=== Section Start ===
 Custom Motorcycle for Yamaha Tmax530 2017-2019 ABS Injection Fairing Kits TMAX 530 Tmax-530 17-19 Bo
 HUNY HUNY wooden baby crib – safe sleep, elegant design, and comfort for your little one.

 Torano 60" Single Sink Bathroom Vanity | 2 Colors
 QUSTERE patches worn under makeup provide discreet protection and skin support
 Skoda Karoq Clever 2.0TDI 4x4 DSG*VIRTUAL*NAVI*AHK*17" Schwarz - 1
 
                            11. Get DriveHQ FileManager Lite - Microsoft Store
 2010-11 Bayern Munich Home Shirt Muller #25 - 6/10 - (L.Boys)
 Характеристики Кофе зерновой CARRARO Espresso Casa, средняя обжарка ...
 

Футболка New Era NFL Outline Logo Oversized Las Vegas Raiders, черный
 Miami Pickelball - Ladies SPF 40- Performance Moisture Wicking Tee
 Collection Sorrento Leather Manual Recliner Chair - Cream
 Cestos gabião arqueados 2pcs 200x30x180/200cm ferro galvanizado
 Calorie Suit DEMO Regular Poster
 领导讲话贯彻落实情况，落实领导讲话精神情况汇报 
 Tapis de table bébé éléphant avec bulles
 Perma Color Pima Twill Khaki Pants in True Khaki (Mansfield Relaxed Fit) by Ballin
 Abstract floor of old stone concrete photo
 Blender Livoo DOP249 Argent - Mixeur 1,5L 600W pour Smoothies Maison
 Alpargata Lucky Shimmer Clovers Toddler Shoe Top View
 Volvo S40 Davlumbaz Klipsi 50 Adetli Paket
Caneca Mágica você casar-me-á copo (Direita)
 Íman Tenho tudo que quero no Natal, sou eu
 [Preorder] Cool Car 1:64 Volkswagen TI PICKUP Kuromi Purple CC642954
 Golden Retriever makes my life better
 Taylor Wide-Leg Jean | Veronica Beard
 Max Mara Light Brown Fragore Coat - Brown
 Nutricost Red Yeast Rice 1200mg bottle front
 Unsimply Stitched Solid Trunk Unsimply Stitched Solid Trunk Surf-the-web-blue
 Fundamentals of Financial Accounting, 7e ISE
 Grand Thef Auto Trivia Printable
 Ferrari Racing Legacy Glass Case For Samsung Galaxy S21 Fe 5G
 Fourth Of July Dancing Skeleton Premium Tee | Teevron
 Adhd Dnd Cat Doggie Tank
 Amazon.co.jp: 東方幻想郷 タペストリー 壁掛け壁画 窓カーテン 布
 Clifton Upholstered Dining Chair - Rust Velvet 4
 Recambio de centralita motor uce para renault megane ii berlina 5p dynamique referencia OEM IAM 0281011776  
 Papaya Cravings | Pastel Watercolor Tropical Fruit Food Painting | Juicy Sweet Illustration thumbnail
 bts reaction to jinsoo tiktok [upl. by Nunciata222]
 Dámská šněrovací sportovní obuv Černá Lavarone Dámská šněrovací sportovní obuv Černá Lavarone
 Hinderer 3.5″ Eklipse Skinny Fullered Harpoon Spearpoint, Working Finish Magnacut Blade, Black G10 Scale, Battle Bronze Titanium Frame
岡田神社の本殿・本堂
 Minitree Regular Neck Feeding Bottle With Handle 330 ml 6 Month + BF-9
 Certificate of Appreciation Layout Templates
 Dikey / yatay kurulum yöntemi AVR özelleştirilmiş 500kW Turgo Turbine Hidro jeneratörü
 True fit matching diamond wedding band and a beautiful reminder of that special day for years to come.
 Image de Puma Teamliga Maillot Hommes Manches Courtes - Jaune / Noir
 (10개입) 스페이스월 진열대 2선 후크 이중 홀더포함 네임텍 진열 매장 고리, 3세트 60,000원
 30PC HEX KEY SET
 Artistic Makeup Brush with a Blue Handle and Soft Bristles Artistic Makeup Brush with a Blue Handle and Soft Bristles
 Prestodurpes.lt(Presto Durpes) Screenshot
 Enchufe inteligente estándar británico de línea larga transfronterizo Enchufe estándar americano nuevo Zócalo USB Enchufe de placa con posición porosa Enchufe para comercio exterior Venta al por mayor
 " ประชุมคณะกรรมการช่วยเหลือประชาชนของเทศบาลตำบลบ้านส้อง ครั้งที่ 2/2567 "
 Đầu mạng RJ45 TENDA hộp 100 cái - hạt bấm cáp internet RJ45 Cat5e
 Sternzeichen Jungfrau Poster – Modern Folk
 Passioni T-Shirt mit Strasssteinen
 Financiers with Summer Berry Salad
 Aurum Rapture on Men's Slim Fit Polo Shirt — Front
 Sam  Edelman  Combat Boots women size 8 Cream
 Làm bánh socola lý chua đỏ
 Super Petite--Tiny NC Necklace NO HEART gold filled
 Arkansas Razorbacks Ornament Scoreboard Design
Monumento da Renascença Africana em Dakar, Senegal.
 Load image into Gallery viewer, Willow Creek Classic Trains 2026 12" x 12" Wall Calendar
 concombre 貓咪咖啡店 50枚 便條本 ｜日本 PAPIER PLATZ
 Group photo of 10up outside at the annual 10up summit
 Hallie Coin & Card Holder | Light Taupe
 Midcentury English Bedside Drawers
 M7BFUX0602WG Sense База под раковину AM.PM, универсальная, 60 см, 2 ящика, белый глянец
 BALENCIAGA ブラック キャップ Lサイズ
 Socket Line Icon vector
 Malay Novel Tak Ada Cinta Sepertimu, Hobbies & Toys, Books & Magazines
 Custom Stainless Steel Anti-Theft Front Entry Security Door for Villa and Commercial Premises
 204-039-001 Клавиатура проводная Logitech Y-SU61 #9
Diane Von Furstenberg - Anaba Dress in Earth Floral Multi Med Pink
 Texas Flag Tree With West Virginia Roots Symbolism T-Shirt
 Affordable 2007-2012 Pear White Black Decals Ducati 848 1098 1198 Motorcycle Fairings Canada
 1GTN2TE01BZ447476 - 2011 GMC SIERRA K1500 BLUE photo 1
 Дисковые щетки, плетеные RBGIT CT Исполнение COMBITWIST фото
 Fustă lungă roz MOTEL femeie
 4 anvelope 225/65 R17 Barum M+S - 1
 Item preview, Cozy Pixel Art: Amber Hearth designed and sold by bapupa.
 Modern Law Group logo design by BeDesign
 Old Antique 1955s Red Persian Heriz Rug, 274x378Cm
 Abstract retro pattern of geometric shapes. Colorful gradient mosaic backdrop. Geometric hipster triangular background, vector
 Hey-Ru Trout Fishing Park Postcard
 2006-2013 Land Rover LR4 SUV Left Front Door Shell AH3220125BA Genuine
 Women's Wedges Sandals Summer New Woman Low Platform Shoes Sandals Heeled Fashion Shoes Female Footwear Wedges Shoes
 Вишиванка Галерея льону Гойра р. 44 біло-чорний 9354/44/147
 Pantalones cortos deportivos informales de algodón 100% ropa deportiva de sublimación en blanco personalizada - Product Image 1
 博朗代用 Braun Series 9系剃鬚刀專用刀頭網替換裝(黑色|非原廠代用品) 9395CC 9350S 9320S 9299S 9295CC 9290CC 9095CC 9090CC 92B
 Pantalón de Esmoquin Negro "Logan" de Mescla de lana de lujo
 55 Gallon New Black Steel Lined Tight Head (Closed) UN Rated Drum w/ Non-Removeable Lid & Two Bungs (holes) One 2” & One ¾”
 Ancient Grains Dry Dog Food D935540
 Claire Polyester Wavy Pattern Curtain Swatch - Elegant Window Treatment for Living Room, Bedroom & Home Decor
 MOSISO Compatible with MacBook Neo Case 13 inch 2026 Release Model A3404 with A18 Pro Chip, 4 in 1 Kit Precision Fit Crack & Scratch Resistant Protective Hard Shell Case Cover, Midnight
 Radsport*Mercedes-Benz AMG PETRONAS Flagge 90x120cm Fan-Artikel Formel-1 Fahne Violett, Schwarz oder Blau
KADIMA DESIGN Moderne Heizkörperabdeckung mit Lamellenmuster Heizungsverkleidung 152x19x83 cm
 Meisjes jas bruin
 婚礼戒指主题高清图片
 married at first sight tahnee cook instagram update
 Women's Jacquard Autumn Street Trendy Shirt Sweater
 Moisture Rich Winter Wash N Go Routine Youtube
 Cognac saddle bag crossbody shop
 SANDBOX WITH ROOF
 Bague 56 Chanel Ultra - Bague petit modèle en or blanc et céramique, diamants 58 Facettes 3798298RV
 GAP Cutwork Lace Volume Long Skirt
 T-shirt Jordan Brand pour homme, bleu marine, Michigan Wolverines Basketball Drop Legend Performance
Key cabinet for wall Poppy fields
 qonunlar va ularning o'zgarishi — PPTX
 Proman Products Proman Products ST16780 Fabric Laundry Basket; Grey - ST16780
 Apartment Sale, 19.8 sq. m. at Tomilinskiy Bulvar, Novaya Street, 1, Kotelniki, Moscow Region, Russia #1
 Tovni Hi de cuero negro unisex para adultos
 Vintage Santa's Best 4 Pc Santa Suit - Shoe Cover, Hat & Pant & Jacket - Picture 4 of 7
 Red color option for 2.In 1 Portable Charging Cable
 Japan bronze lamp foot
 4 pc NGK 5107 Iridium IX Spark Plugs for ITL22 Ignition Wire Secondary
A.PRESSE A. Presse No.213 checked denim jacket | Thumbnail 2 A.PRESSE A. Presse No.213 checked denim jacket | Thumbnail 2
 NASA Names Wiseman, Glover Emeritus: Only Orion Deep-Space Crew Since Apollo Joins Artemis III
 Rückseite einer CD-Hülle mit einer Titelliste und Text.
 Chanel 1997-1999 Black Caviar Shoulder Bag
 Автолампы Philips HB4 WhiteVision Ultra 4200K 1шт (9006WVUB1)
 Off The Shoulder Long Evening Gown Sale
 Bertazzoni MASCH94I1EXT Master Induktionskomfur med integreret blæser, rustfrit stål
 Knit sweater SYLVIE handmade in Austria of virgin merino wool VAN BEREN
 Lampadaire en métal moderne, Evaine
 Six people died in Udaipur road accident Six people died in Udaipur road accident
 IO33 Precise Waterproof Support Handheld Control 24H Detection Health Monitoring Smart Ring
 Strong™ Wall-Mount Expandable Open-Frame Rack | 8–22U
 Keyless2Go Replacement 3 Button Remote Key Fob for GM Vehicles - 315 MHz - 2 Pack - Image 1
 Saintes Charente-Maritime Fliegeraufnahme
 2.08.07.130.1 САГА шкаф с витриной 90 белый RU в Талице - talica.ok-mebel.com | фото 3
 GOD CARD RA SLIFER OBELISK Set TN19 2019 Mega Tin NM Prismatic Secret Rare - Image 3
=== Section End ===
Look above for the line holding "True fit matching", then set down exactly that line and every line after it up to and including the line holding "Arkansas Razorbacks Ornament", with nothing else.

Solution below:
 True fit matching diamond wedding band and a beautiful reminder of that special day for years to come.
 Image de Puma Teamliga Maillot Hommes Manches Courtes - Jaune / Noir
 (10개입) 스페이스월 진열대 2선 후크 이중 홀더포함 네임텍 진열 매장 고리, 3세트 60,000원
 30PC HEX KEY SET
 Artistic Makeup Brush with a Blue Handle and Soft Bristles Artistic Makeup Brush with a Blue Handle and Soft Bristles
 Prestodurpes.lt(Presto Durpes) Screenshot
 Enchufe inteligente estándar británico de línea larga transfronterizo Enchufe estándar americano nuevo Zócalo USB Enchufe de placa con posición porosa Enchufe para comercio exterior Venta al por mayor
 " ประชุมคณะกรรมการช่วยเหลือประชาชนของเทศบาลตำบลบ้านส้อง ครั้งที่ 2/2567 "
 Đầu mạng RJ45 TENDA hộp 100 cái - hạt bấm cáp internet RJ45 Cat5e
 Sternzeichen Jungfrau Poster – Modern Folk
 Passioni T-Shirt mit Strasssteinen
 Financiers with Summer Berry Salad
 Aurum Rapture on Men's Slim Fit Polo Shirt — Front
 Sam  Edelman  Combat Boots women size 8 Cream
 Làm bánh socola lý chua đỏ
 Super Petite--Tiny NC Necklace NO HEART gold filled
 Arkansas Razorbacks Ornament Scoreboard Design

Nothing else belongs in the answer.